I’ve never been troubled by being thought a fool for Christ (Paul’s descriptor) — but Christianity itself can be downright embarrassing!  Less than a majority of US voters elected a violent sex-abuser and perpetual cheater, to our highest office. But a huge majority of those voters apparently claim to be Christians. So this contrarian, me, is now calling himself a born-again Socratic.  “Why?” you might ask. Have I traded Jesus for Socrates? No, I’m just ashamed. And I’m publicly rejecting the Biggest Heresy of all time, about Jesus, my Lord. 

It all got started by another emperor to settle a church fight (and he wasn’t even a Christian until he was on his death-bed decades later when he accepted Christ, in what might be seen as a superstitious bet). Emperor Constantine, in 325 A.D. , asserted that the Son was the Father of himself!  Like G.W.Bush, he told the bishops at the first Council of Nicaea that he, Constantine, was the decider.  Half of them said “Amen”!  And so it became “settled doctrine”. They had been arguing for years about whether Jesus was of the same substance as the Creator of the universe, or of similar substance as the Creator. (Thus entered into our idiom the phrase of “not making an iota of difference” – the battle centered on the spelling of two nearly identical words, one having an extra letter  called iota in Greek.) 

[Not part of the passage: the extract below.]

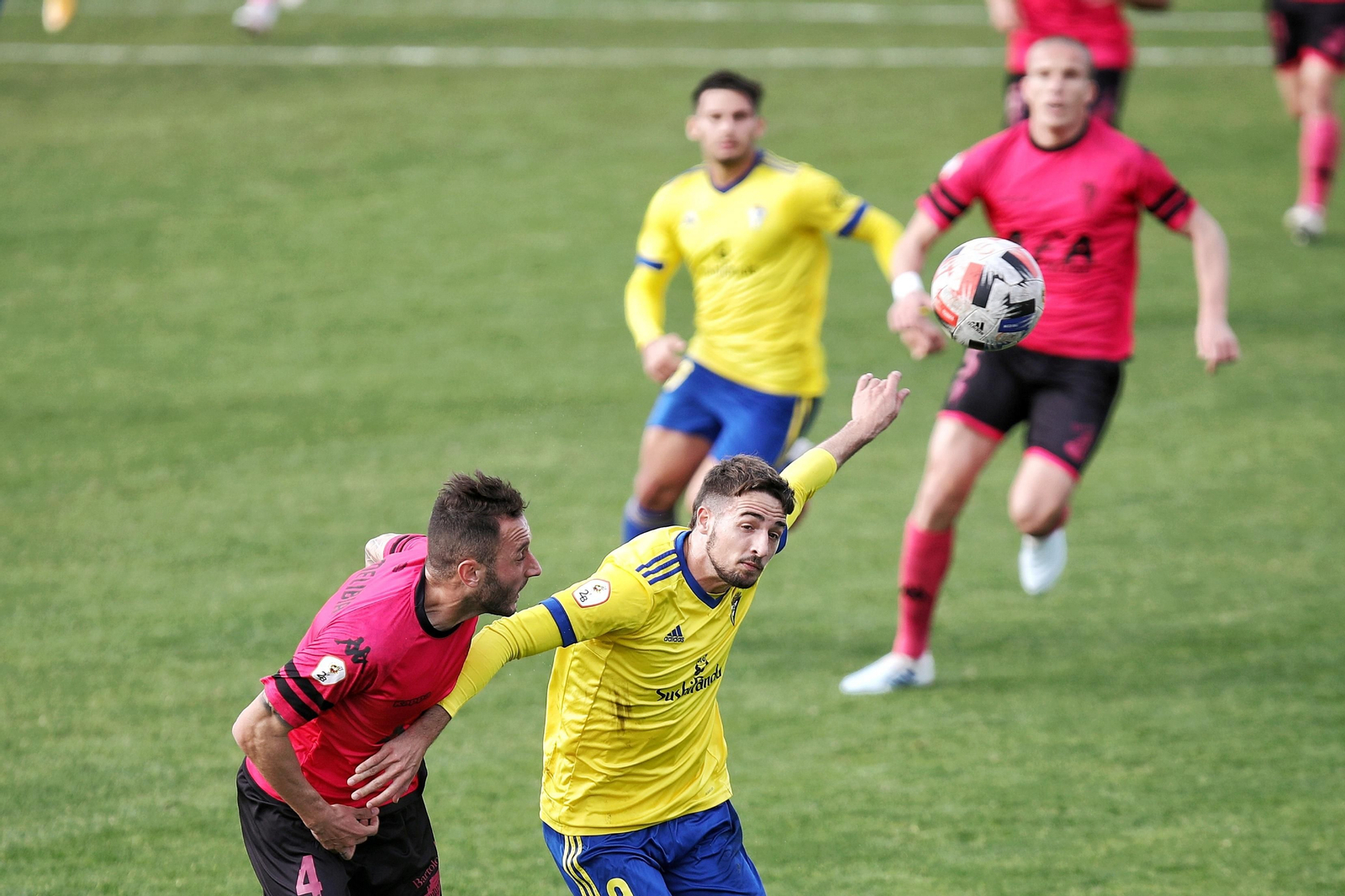 Cádiz B - San Fernando: Las imágenes del partido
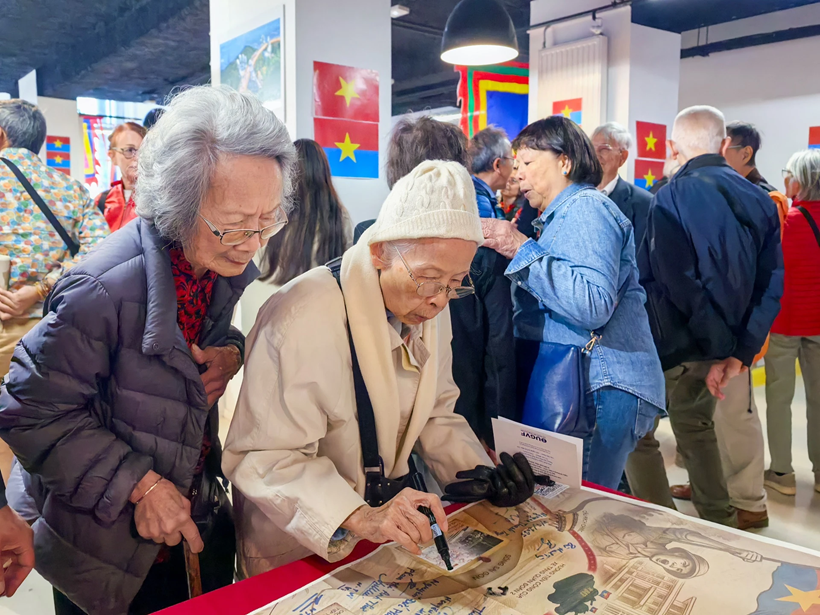 S'exprimant auprès du correspondant permanent du Journal Nhân Dân en France, Mme Thérèse Nguyen Van Ky (vêtue d’une doudoune mauve) a confié : «La nouvelle de la grande victoire du 30 avril 1975 a suscité en moi une émotion indescriptible, une joie immense à l’idée que le Sud était enfin libéré et que le pays était réuni. Le lendemain, j’ai tout de même dû me rendre à mon cabinet comme d’habitude. Les patients français, attachés au Vietnam, ont partagé leur bonheur et adressé leurs félicitations au peuple vietnamien.» S'exprimant auprès du correspondant permanent du Journal Nhân Dân en France, Mme Thérèse Nguyen Van Ky (vêtue d’une doudoune mauve) a confié : «La nouvelle de la grande victoire du 30 avril 1975 a suscité en moi une émotion indescriptible, une joie immense à l’idée que le Sud était enfin libéré et que le pays était réuni. Le lendemain, j’ai tout de même dû me rendre à mon cabinet comme d’habitude. Les patients français, attachés au Vietnam, ont partagé leur bonheur et adressé leurs félicitations au peuple vietnamien.»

“Such a deal” said the bishops, realizing they would no longer risk being fed to the lions if they agreed with CONNIE that politics and religion could marry each other. Thus Christian “sharia” was born!  Suddenly Christian futures were highly valued; church-boy stock was up!  And any bishop, minister, pastor, or theologian who dared to disagree was suddenly potential CatChow, or maybe just out of a career. (They still teach this today to preachers in grad school and seminary: don’t touch the third rail of Jesus-as-God!)  Yeah, the Text says “I and my Father are one” — but ancient Greek had two words for “one”, while English struggles with just a single word for it.)

Well, Socrates spoke Greek; but like Jesus, neither of them wrote anything (that we know of). And nobody has yet declared Sok’ to be God in the flesh.  Both men had divine connections, to be sure.  But Jesus, it is little noticed, said “He that believeth on me, believeth not on me, but on him that sent me” (John 12:44). And Socrates often commented on his “divine sign” which guided him to avoid going forward at certain points — which brings us to the point of this blogpost: a new book, OPEN SOCRATES: The Case for a Philosophical Life, by Professor Agnes Callard, of University of Chicago. (I’m awaiting arrival of my hardcover copy, after reading the free Kindle sample, which you might also examine and enjoy.)